• [TRY IT]:
The full listing, word for word and free of images, is the expected result.

• [THE DATA]:
'''

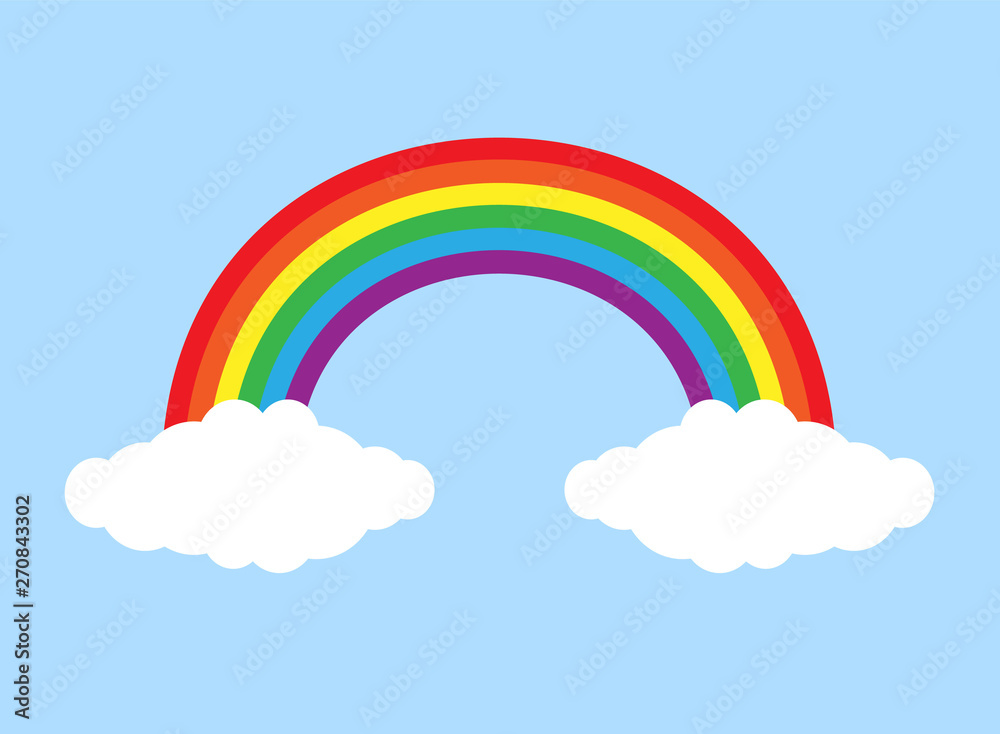 Vector flat cartoon lgbt pride rainbow isolated on blue background Vector flat cartoon lgbt pride rainbow isolated on blue background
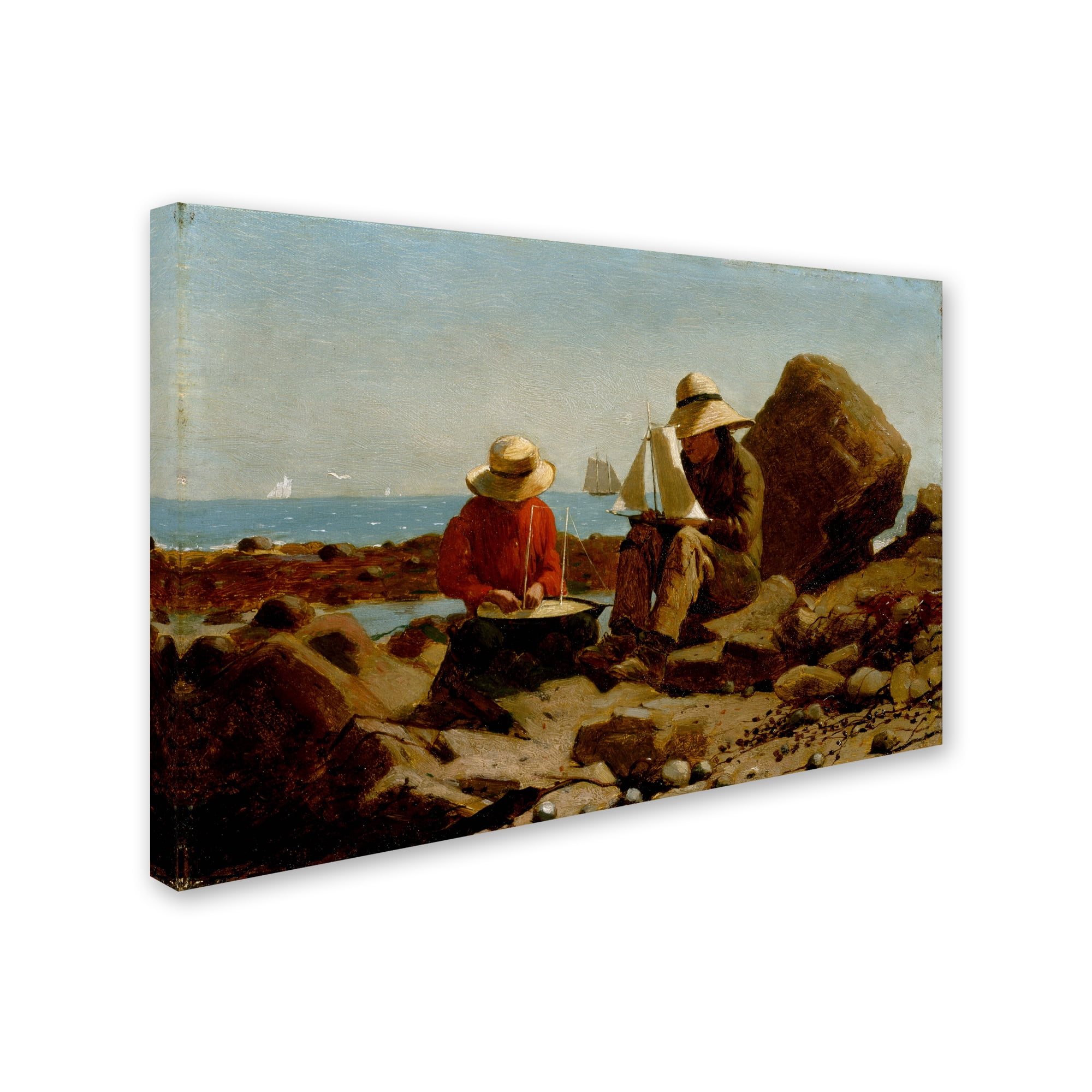 Trademark Fine Art 'The Boat Builders' Canvas Art by Homer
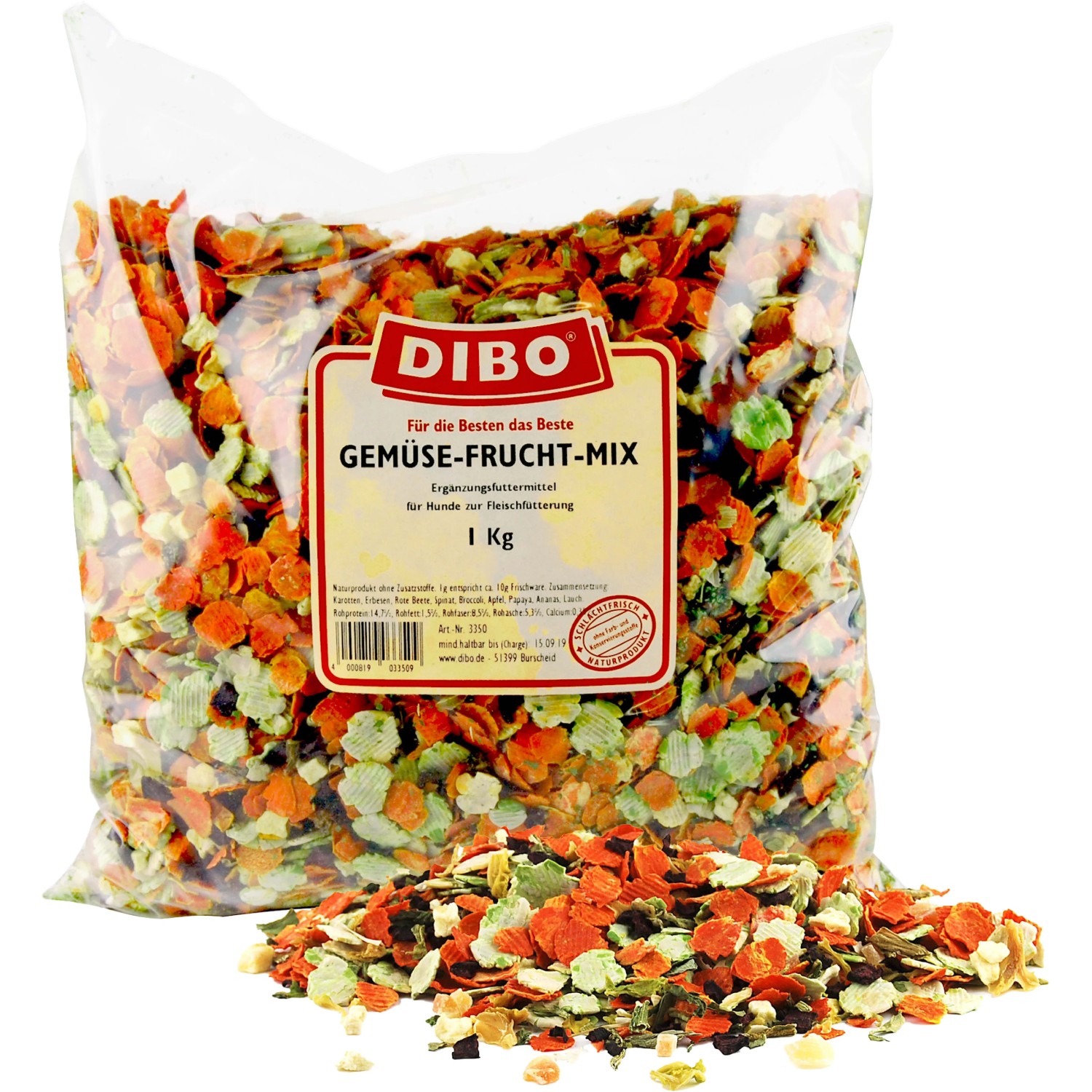 Dibo Hunde-Ergänzungsfutter Gemüse-Frucht-Mix, 1 kg, im transparenten Beutel. Ergänzungsfuttermittel für Hunde.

'''

• [RESPONSE AREA]:
 Vector flat cartoon lgbt pride rainbow isolated on blue background Vector flat cartoon lgbt pride rainbow isolated on blue background
 Trademark Fine Art 'The Boat Builders' Canvas Art by Homer
 Dibo Hunde-Ergänzungsfutter Gemüse-Frucht-Mix, 1 kg, im transparenten Beutel. Ergänzungsfuttermittel für Hunde.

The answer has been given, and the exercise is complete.